Выбрать главу

“Yes. I think you would.”

“Then make a knot.”

I made a slipknot in the legs of Jessie’s nylons and gave it back to him.

He tested it, pulling it tighter. “Now turn around.”

“You son of a bitch.”

“That’s right,” he said. “Say good-bye.”

The shotgun was still against my neck and I turned around. He pulled my arms behind me and slipped the knot over my wrists, making them burn, and then laid the shotgun on the bed and pulled me down so that I was kneeling and tied my feet and knotted the two ends, stretching me backward on my knees. He wrapped another stocking around my head, across my mouth, gagging me, and then made a loop around the leg of the bedstead. Then he pushed me over. I lay on the floor looking up at him, at his tan pants and maroon-shirted stomach. Against the far wall, Jessie had turned around, facing me. She was crying again.

“All right,” Burdette said. “We’re done here.”

He picked up the shotgun from the bed and lifted her suitcase; he took Jessie by the arm and led her out of the bedroom. That was the last I saw of her. She was wearing a warm sweater and she was crying and her brown hair was tangled.

I didn’t see any of the rest of it. I could hear only the frightened sounds coming from the boys’ bedroom down the hall. TJ and Bobby were awakened and being forced to dress and I could hear the muffled sound of Jessie’s voice trying to reassure them, but the boys were both crying, and then there was the harsh deeper sound of Burdette’s voice. When they were finished in the bedroom they walked out through the kitchen toward the back door. The door banged shut and in a moment there was the sound of a car starting up on Hawthorne Street; then there was the sound of it driving away. After that there wasn’t anything.

For the rest of that Sunday night and for most of Monday I lay in the bedroom on the floor in the old Fenner house. When he left, Burdette had not bothered to turn the light off and during the night I lay on the floor under the bright overhead light. For some reason that bothered me especially, that no one in Holt noticed it burning. But no one did. So I lay for a long time thinking about that and about other things, and then gradually it began to turn day outside, and now whether or not there was a light on in the bedroom of an apartment house at the west edge of town wouldn’t make any difference to anyone. Time passed very slowly. Occasionally I managed to sleep a little. Then I would wake again. My ear had stopped bleeding but my feet and hands felt numb and the edges of my mouth hurt from being stretched.

Meanwhile outside I could hear cars going by and I could hear the sound of kids going to school and the barking of someone’s dog. Four or five times during the day the phone rang on the wall out in the kitchen. I lay and listened to it ring. Afterward I learned that one of the calls had been Mrs. Walsh, calling from the Holt Mercury, and that another had come from the Holt Cafe, from Jessie’s boss, wanting to know why she hadn’t returned to work. I never learned who made the other calls.

Finally, late on Monday afternoon, I was released. Mrs. Nyla Waters, Jessie’s neighbor, had grown worried about seeing my car parked in front of the house all day so she had called Bud Sealy. And so, about five o’clock, Bud Sealy came over to investigate. He came inside and found me tied up in the bedroom. “What in the hell?” he said. “Jesus Christ.”

He had to help me get up. While I got dressed I told him what had happened.

All of that was three months ago. Since then time has passed as usual. It is the middle of January now, the start of another year, and people in Holt are still talking about the events of last fall. In town Joe Don Williams remains particularly upset about things, since it happened to be his shotgun that Burdette had with him that night. Burdette took it from the rack in Williams’s unlocked pickup. The pickup was parked in the alley behind Jenny New-comb’s house. So people are talking about that now too.

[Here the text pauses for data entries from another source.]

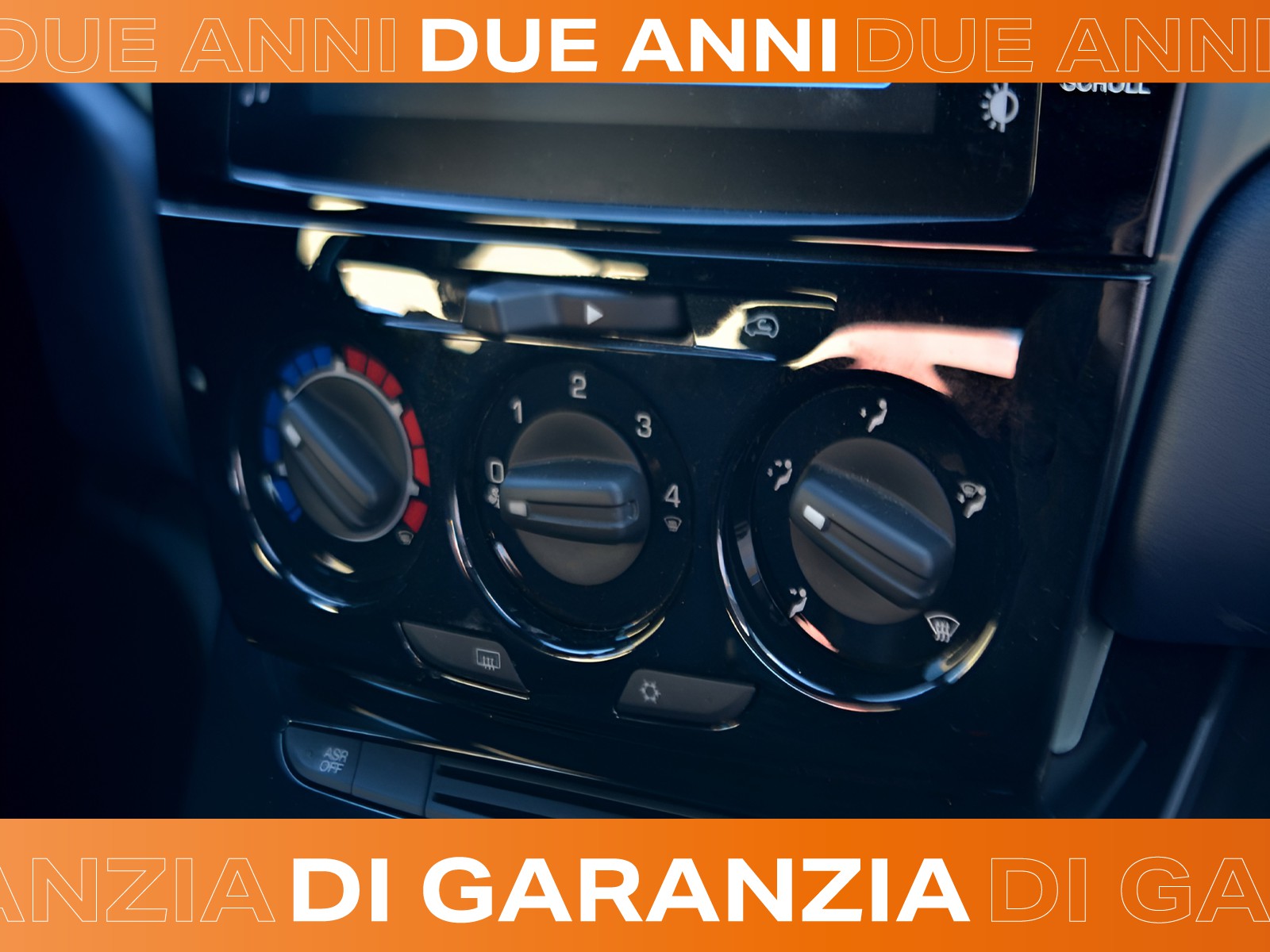 11 - Lancia Ypsilon 1.0 firefly hybrid 70cv platino s&s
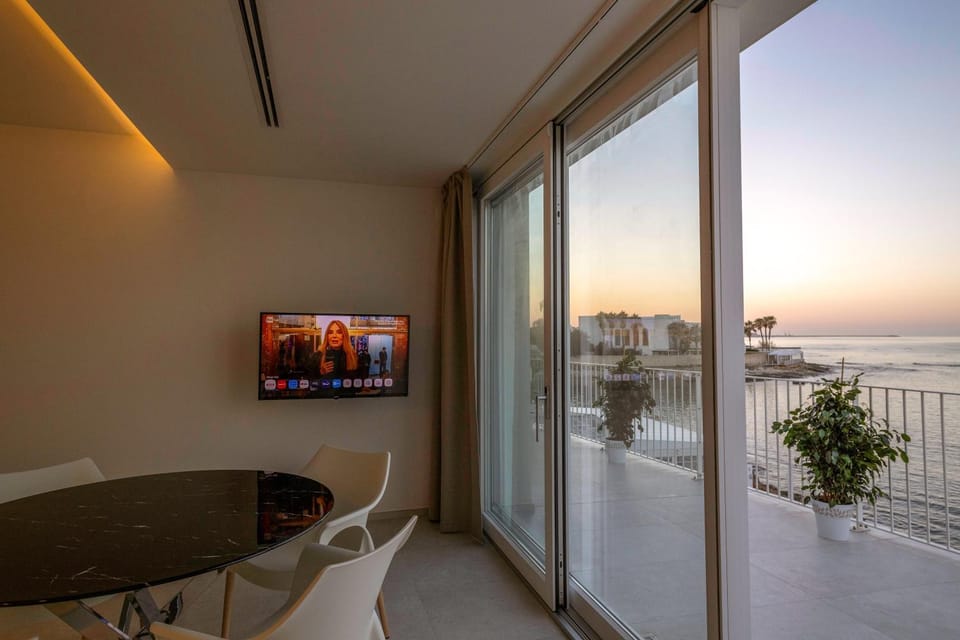 Patio, Day, Natural landscape, TV and multimedia, View (from property/room), Balcony/Terrace, Dining area, Beach, Beach, Evening entertainment, Sea view, Sunset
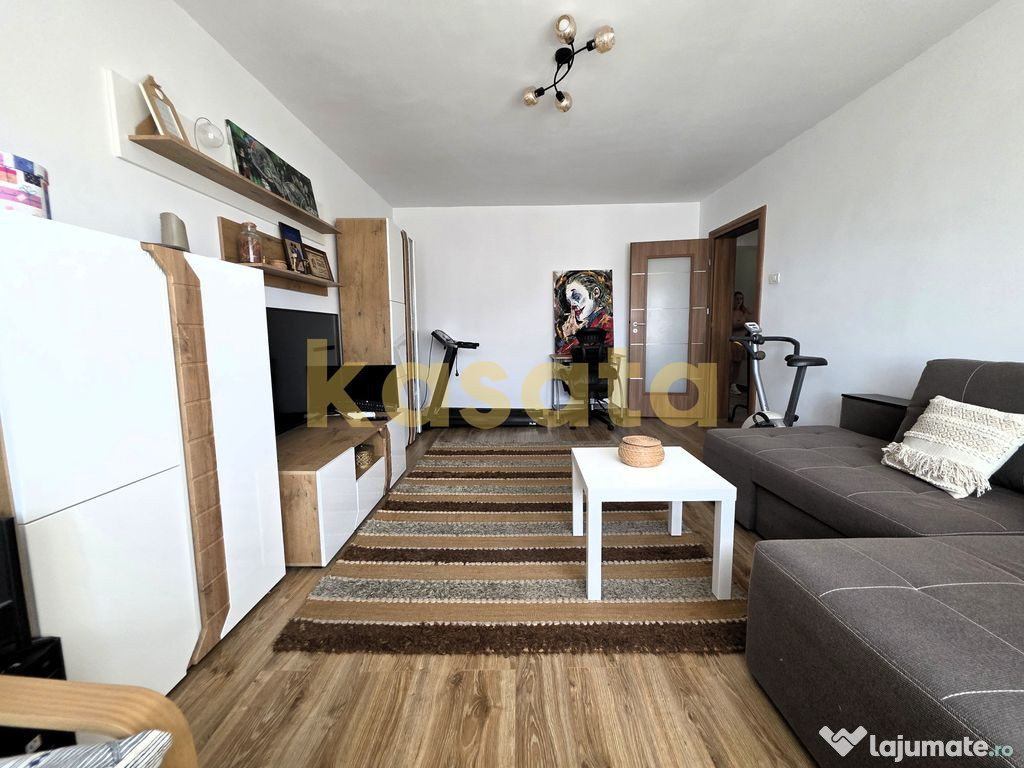 Apartament 3 camere, 81 mp, renovat 2019 – spațios, lu...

And in the intervening months the police have begun to send out all-points bulletins again, as they did once before when Burdette disappeared. This time they’ve charged him with kidnap as well as theft. But they haven’t been able to locate him. For as Jessie remarked about him that night in the bedroom: he’s good at that. If nothing else, Jack Burdette knows how to disappear.

So I am still in Holt County. I am still publishing the weekly newspaper my father turned over to me years ago. And Wanda Jo Evans is still in Pueblo, living on the Front Range, working for the phone company. And Nora Kramer, that fragile black-haired girl I married out of college a long time ago, is living once more with her father in Denver and they seem to be quite happy.

But Jessie? What about her?

Somewhere in this great world I want to believe that she is all right too. I want to believe that she and TJ and Bobby are still alive, even if it is in California with Jack Burdette. No one has heard anything about them since that night, but I want to believe that much and I hope for more.